What was the main driver of that mutation, and how did it happen so quickly?
The answer to that question is simply not known at this time. It's very difficult to distinguish between cause and effect when looking back hundreds of thousands or millions of years at species that we only know of through a small number of fossilized remains. And we haven't been studying evolution for long enough to observe such large changes in a species. But that doesn't mean we can't try to answer the question, and scientists are doing exactly that as we speak. A number of references on this exact topic are given in the encephalization section of the wikipedia page on human evolution:
https://en.wikipedia.org/wiki/Human_evolution#Encephalization
The questions posed in the quote are indeed good questions and scientists are currently working to answer them. However, the fact that questions still exist is not necessarily a 'problem'. That is, it does not detract from evolution in a general sense and, as yet, does not detract from the details of human evolution as posed in various models. Science's entire purpose is to answer all the questions that arise when you start to look into how the universe works. There will
always be unanswered questions as long as we have the capability of doing meaningful science.
KF81 said:
"There are visible mutations present in bacteria and viruses all the way up to insects.
I just noticed this as I was finishing up the rest of the post above. I don't know why the person stopped at insects when referring to mutations.

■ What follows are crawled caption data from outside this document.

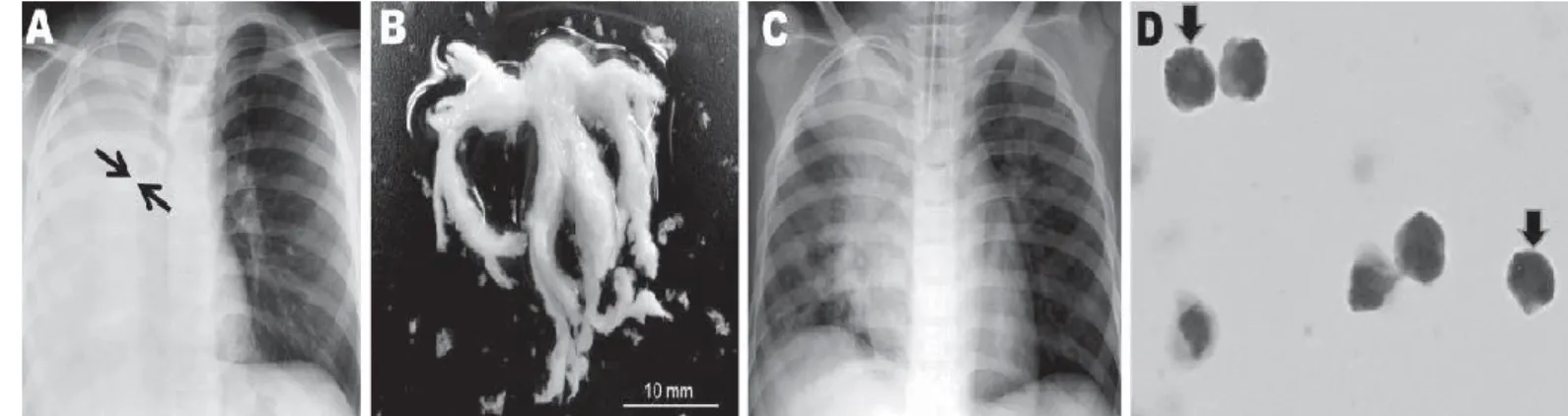 図  9 ： Plastic bronchitis の症例の X 線画像と粘液栓               A)入院時の胸部X線画像：右肺全体の無気肺と右主気管支の閉塞および左肺の過膨 張の所見がみられる．               B) 気管内吸引にて排出された粘液栓                C)入院2日目の胸部X線画像：右下肺の無気肺は消失している．                 D) 粘液栓の鏡顕像（ギムザ染色，1,000倍）：細胞の90%以上が好酸球であった． 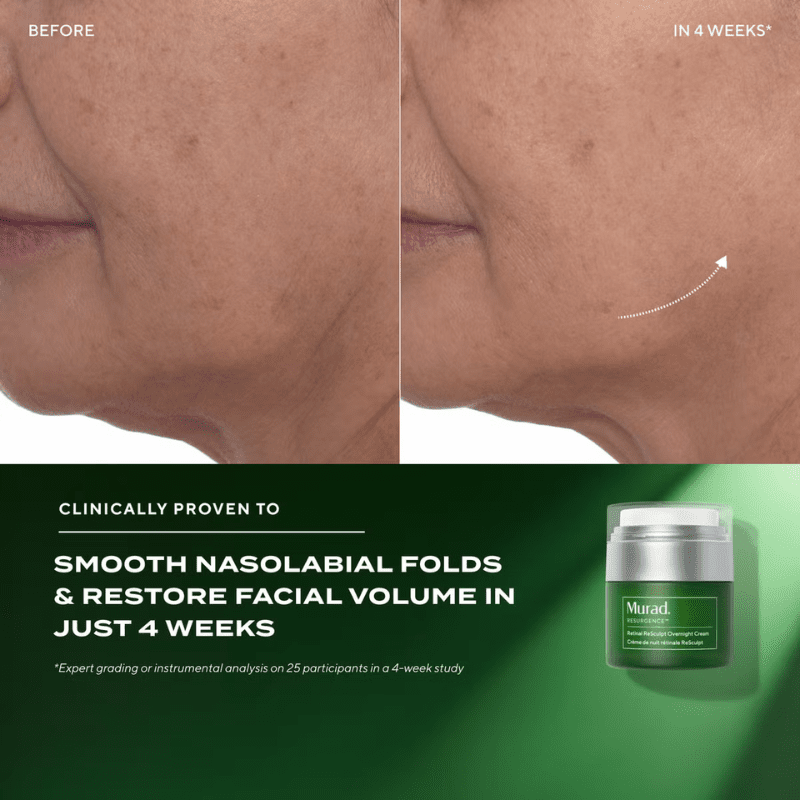 Murad Retinal ReSculpt Overnight Cream results Before And After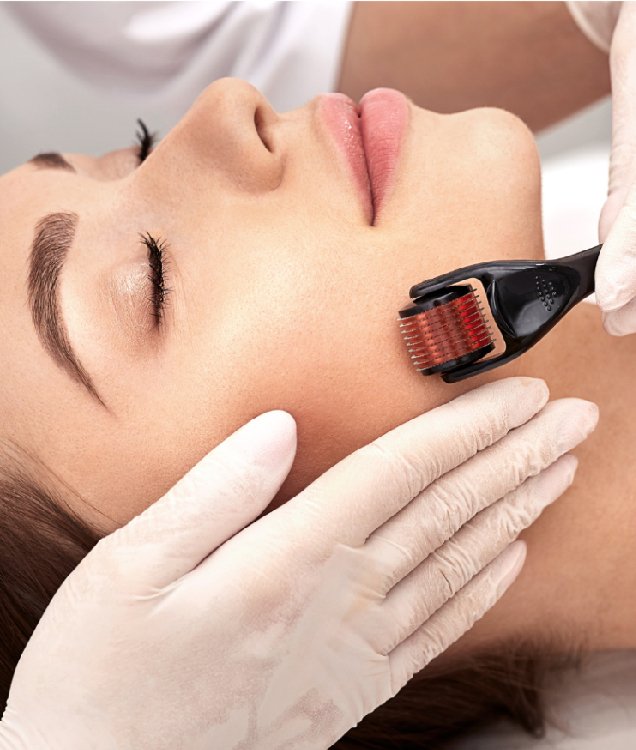Derma Roller Hair Treatment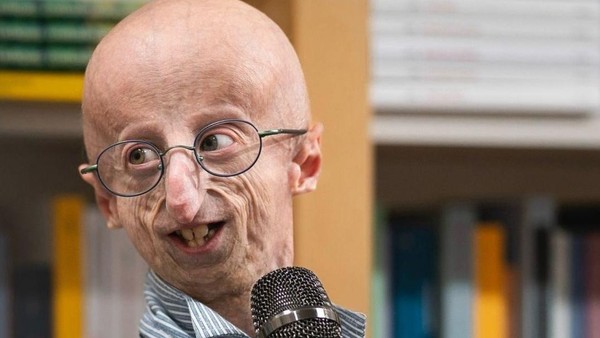  Sammy Basso, Ilmuwan Progeria yang Selalu Tersenyum, Meninggal Dunia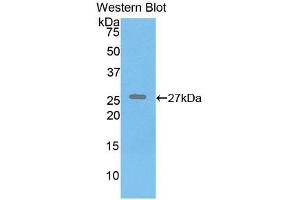 Western blot analysis of recombinant Human ELN. (Elastin antibody  (AA 392-645))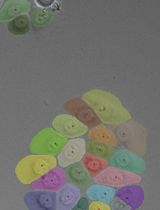 How to Train Custom Cell Segmentation Models Using Cell-APP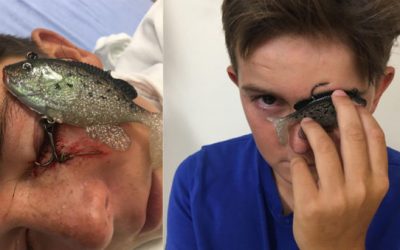 11-Year-Old Takes a Fish Hook to the Eyelid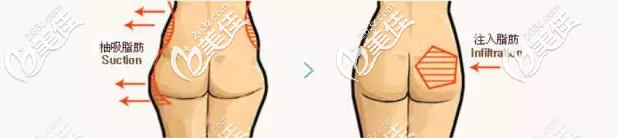 自體脂肪豐臀 自體脂肪豐臀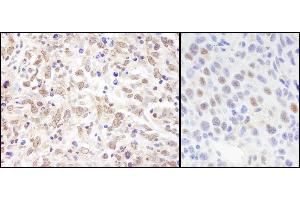Immunohistochemistry (IHC) image for anti-SIN3 homolog A, transcription regulator (SIN3A) (AA 1-50) antibody (ABIN7453786)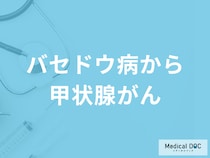 「バセドウ病から甲状腺がんになる」ことはある？甲状腺がんの症状も医師が解説！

Every single species that we can observe, including ourselves, show numerous mutations. Just about every cell in your body has a slightly different DNA makeup thanks to mutations that occur during the cell's lifetime and upon cellular reproduction. Even cancer is a product of evolution in the sense that a population of cancerous cells evolved from a population of non-cancerous cells through the mutation of several key genes. There's even an
infectious (i.e. can be transmitted) type of
cancer that affects dogs that evolved from plain old non-cancerous canine cells. One could potentially classify this as a different species, consisting of a unicellular, asexually reproducing pathogen.